As a 2019 video resurfaced showing Donald and Melania Trump meeting another key player in the scandal, Jason Pirozzolo, Mr Gaetz tweeted out a strange statement from “we, the women of Congressman Matt Gaetz’s Office”.
“Congressman Gaetz has always been a principled and morally grounded leader,” it read. “At no time has any one of us experienced or witnessed anything less than the utmost professionalism and respect. No hint of impropriety. No ounce of untruthfulness.”
Meanwhile, a former staffer to Bill Clinton has taken out a billboard targeting Mr Gaetz with an outrageous statement…
Andrew Naughtie9 April 2021 10:13
Tucker Carlson shares “replacement” theory and displays intimate Hunter Biden photos
It was a lurid night on Tucker Carlson’s Fox News show. The host crossed two particularly shocking lines, both showing lurid pictures ostensibly from Hunter Biden’s laptop – something that critics have compared to “revenge porn” – and approvingly discussing the “great replacement” theory, a white supremacist canard that claims left-wing Democrats are conspiring to demographically re-engineer the US by allowing in Latino people.
On the latter point, he drew a strange comparison with childhood.
“If you were in sixth grade, for example, and without telling you your parents adopted a bunch of new siblings, and gave them brand new bikes, and let them stay up late or helped them with their homework and gave them twice the allowance that they gave you, you would say to your siblings, ‘I think we’re being replaced by kids that our parents love more.’”
Andrew Naughtie9 April 2021 10:34
Joe Biden calls for “calm” as Northern Ireland violence continues
The White House has added its voice to the list of governments calling on unionists and loyalists in Northern Ireland to end the violence that has now been going on for several days.
“We are concerned by the violence in Northern Ireland,” said White House Press Secretary Jen Psaki yesterday, “wand we join the British, Irish, and Northern Irish leaders in their calls for calm.”
Andrew Naughtie9 April 2021 10:55
New Tennessee law goes easy on handgun owners
Amid the fanfare over Joe Biden’s new gun orders came a major legal change in Tennessee, whose governor signed into law a bill that allows most adults over 21 to carry handguns with few checks or requirements.
Andrew Naughtie9 April 2021 11:15
Hunter Biden’s TV book tour continues
Explaining that he wrote the book “to humanise people suffering from addiction” and as “a love letter to the people that are loving someone that’s struggling with addiction. Because it’s so hard for them to understand why it is that their love just can’t get through”.
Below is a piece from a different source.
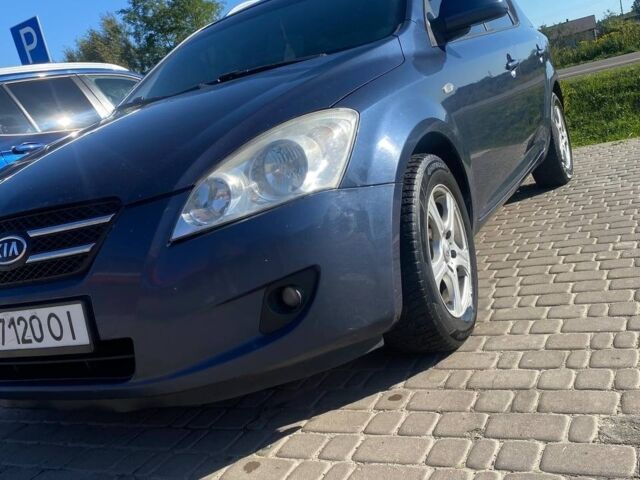 Синій Кіа Сід, об'ємом двигуна 1.58 л та пробігом 270 тис. км за 4600 $, фото 1 на Automoto.ua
He and Mr Kimmel also found time to kick around the vicious criticism he’s taken from the Trump family – though Mr Biden insisted that “I don’t spend too much time thinking about them.”
Andrew Naughtie9 April 2021 11:35
Signs of movement in cases against Capitol insurrectionists
CNN reports that federal prosecutors have been given the go-ahead from the Department of Justice to negotiate plea bargains with defendants charged with taking part in the 6 January storming of the US Capitol.
There is so much evidence, including hours upon hours of video, that many of the cases aren’t thought to be disputable enough to take to trial.